Monday, June 16th, 2014

Sir John Glubb remembers once visiting a school for mentally handicapped children:

“Our children do not have to take examinations,” the headmaster told me,” and so we are able to teach them things which will be really useful to them in life.”

That vignette comes up as he makes his plea that history should be the history of the human race, not of one small country or period:

The experiences of the human race have been recorded, in more or less detail, for some four thousand years. If we attempt to study such a period of time in as many countries as possible, we seem to discover the same patterns constantly repeated under widely differing conditions of climate, culture and religion. Surely, we ask ourselves, if we studied calmly and impartially the history of human institutions and development over these four thousand years, should we not reach conclusions which would assist to solve our problems today? For everything that is occurring around us has happened again and again before.

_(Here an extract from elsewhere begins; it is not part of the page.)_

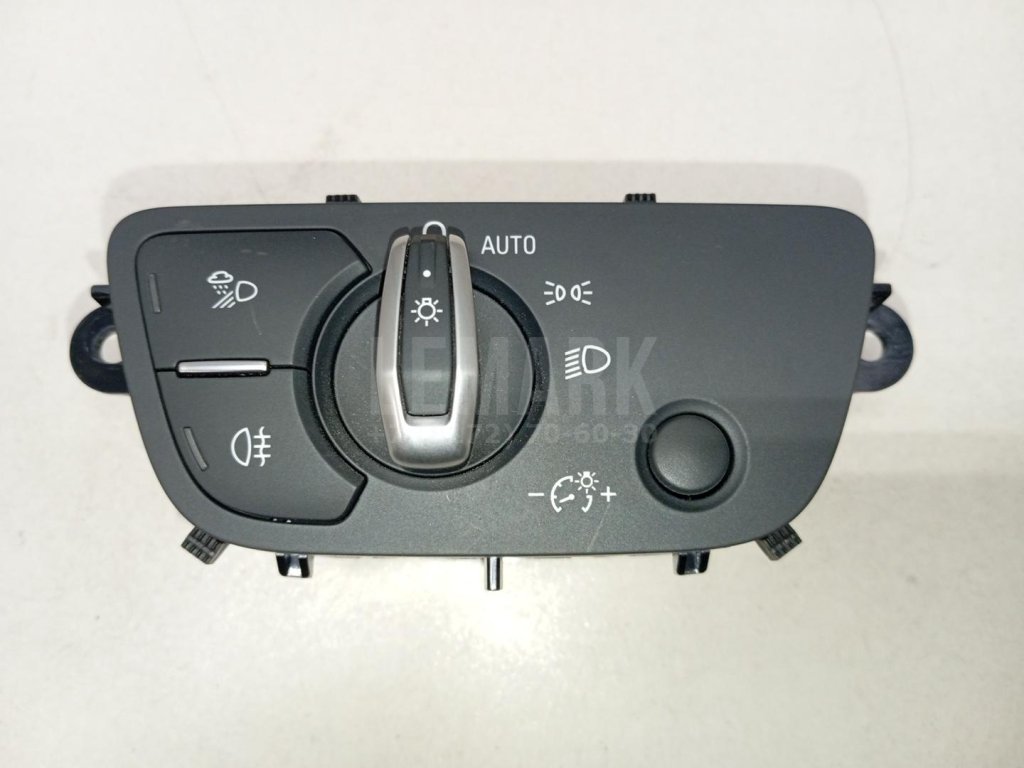 Переключатель света фар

No such conception ever appears to have entered into the minds of our historians. In general, historical teaching in schools is limited to this small island. We endlessly mull over the Tudors and the Stewarts, the Battle of Crecy, and Guy Fawkes. Perhaps this narrowness is due to our examination system, which necessitates the careful definition of a syllabus which all children must observe.

Comments

  1. The other Armada was an English defeat I’m sure Brit kids never learn.

  2. Rollory says:

    By the way, apparently Glubb’s family object for some unexplained reason to having his Fate of Empires republished all over the place. The original place I came across it had to take it down due to a lawyergram. Luckily I had saved it already. Being the sort of person I am and having the view I do of that sort of behavior, I’ll be re-uploading it if and when necessary. The piece is too important to hide.

  3. Isegoria says:

    It does make you wonder, what is it that they want? To bury it?

  4. Rollory says:

    That was certainly the impression I got. As far as I can tell there is no legit and easy way to obtain it. The overwhelming lesson of DRM in music and video games is that the public will pay nominal fees in preference to piracy, in exchange for convenience and customer-friendly packaging and delivery. The Baen Free Library demonstrated pretty much the same thing (although too many of the authors involved have since gotten greedy at the sight of ebook royalties, which just means the lesson didn’t register). But as far as I can tell the Glubb family simply do not want this being read, and if that impression is wrong, they’ve neither done nor said nothing to indicate the contrary.

  5. Toddy Cat says:

    Oh, they’re probably afraid of Glubb being called a “racist” or some crap like that. Of course, since he was involved with British colonialism, he’d be called that even if he had committed suicide to atone for his colonialist past, and left the family fortune to the NAACP, so why worry about it?

  6. James James says:

    Rollory, perhaps you could upload it to libgen?

  7. Rollory says:

    Or you could, considering it’s the same PDF our host linked to above. It seems pretty widely distributed at this point (which makes the Glubb family’s attempts to take it down merely frustratingly stupid).

  8. James James says:

    Oh I see, I didn’t realise that was all of it. Would be interesting to read “Search for Survival” as well.